Let $$\mu$$ be a doubling measure on a metric space $$X$$ and let $$S\subset X$$ be $$\mu$$-measurable with $$\mu(S)<\infty$$. Then

$\lim_{r\to 0}\frac{\mu(S\cap B(x,r))}{\mu(B(x,r))}$

equals 1 for $$\mu$$-a.e. $$x\in S$$ and 0 for $$\mu$$-a.e. $$x\not\in S$$. Such an $$x$$ for which the limit equals 1 is called a density point of $$S$$.

## Exercises#

Example 27

Let $$X$$ be a separable metric space. Show that for any collection of balls, there exists a maximal disjoint sub-collection.

Example 28

Show that the $$5r$$ covering Lemma may not be true if the radii are not uniformly bounded.

Example 29

Let $$\mu$$ be a finite Borel measure on a metric space $$(X,d)$$ and let $$x_n\to x \in X$$ such that $$d(x,x_n)$$ is a decreasing sequence.
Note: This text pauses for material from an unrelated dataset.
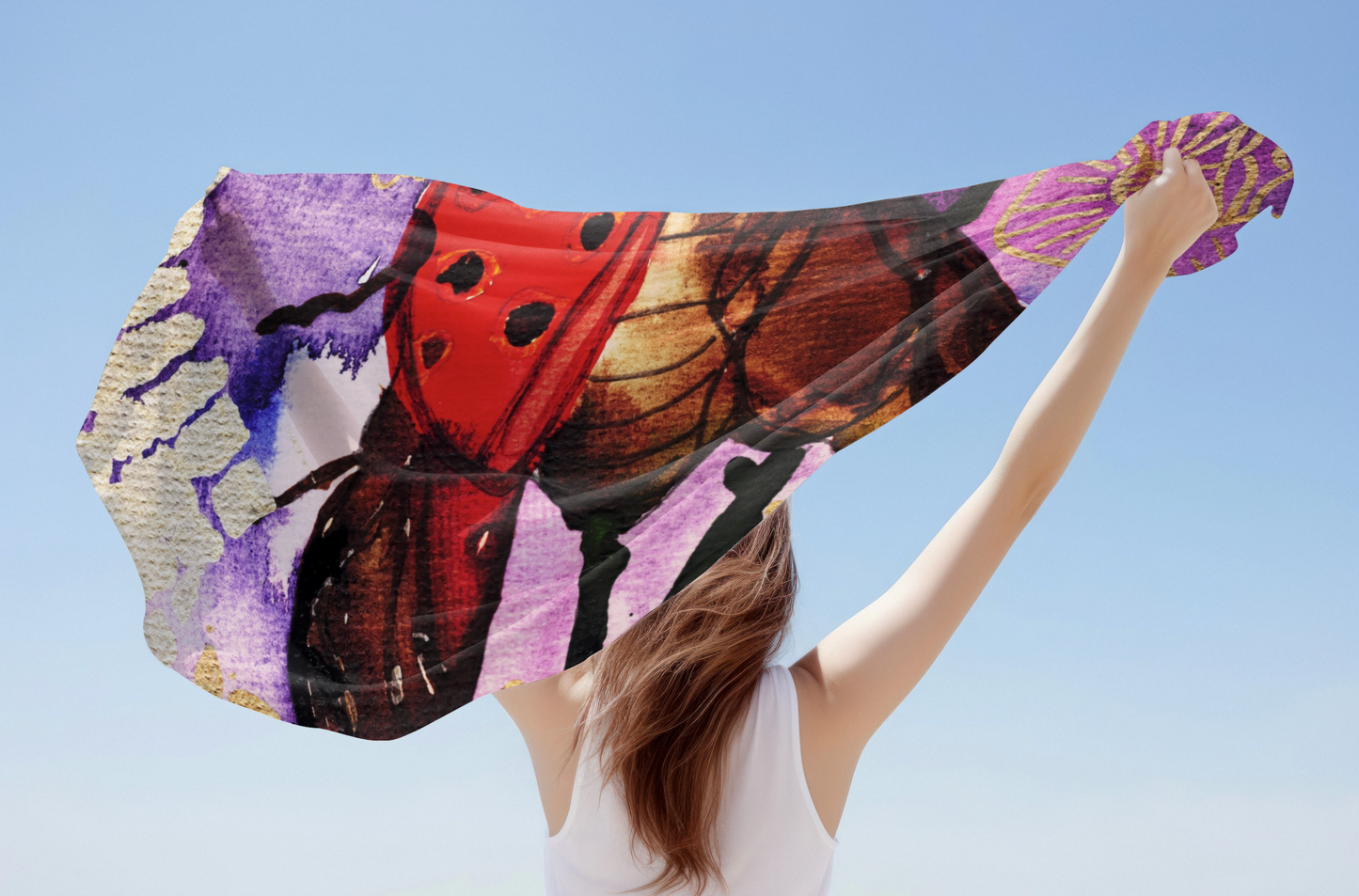 Lady Bug Art Print Scarf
Let $$U(y,r)$$ denote the open ball centred on $$y$$ with radius $$r$$.

1. Show that, for any $$r>0$$,

$U(x,r)\setminus U(x_n,r)$

decreases to the empty set.

2. Deduce that $$y\mapsto \mu(U(y,r))$$ is lower semi-continuous.

3. Give an example to show that $$y\mapsto \mu(U(y,r))$$ may not be continuous.

4. Show that, for any $$y\in X$$,

$\mu(B(y,r))= \lim_{\mathbb Q \ni q\downarrow r} \mu(U(y,q)).$
5. Deduce that, for any $$r>0$$, $$y\mapsto \mu(B(y,r))$$ is a Borel function.

6. Show that the Hardy–Littlewood maximal function is equivalently defined by taking the supremum over all rational $$r>0$$.

7. Deduce that the Hardy–Littlewood maximal function is a Borel function.

Example 30

Let $$\mu$$ be a doubling measure on a metric space $$X$$ and let $$S\subset X$$ with $$\mu(S)<\infty$$. Suppose that there exists a $$\mu$$-measurable $$S'\supset S$$ with $$\mu(S')=\mu(S)$$. Show that

$\lim_{r\to 0}\frac{\mu(S\cap B(x,r))}{\mu(B(x,r))}=1$

for $$\mu$$-a.e. $$x\in S$$.

Example 31

Prove that on $$\mathbb R^n$$, $$\mathcal L^n=c \mathcal H^n$$ for some $$c>0$$. There are two ways to prove this (recall Example 5).

Let $$\mu,\nu$$ be two finite Borel measures on a set $$X$$ with $$\mu \ll \nu$$ and suppose that $$\nu$$ is doubling. Show that the Radon–Nikodym derivative of $$\mu$$ with respect to $$\nu$$ is given by

$\lim_{r\to 0}\frac{\mu(B(x,r))}{\nu(B(x,r))}$

for $$\nu$$-a.e. $$x\in X$$.

Example 32

For $$f=\chi_{[0,1]}$$, show that $$Mf$$ does not have finite integral.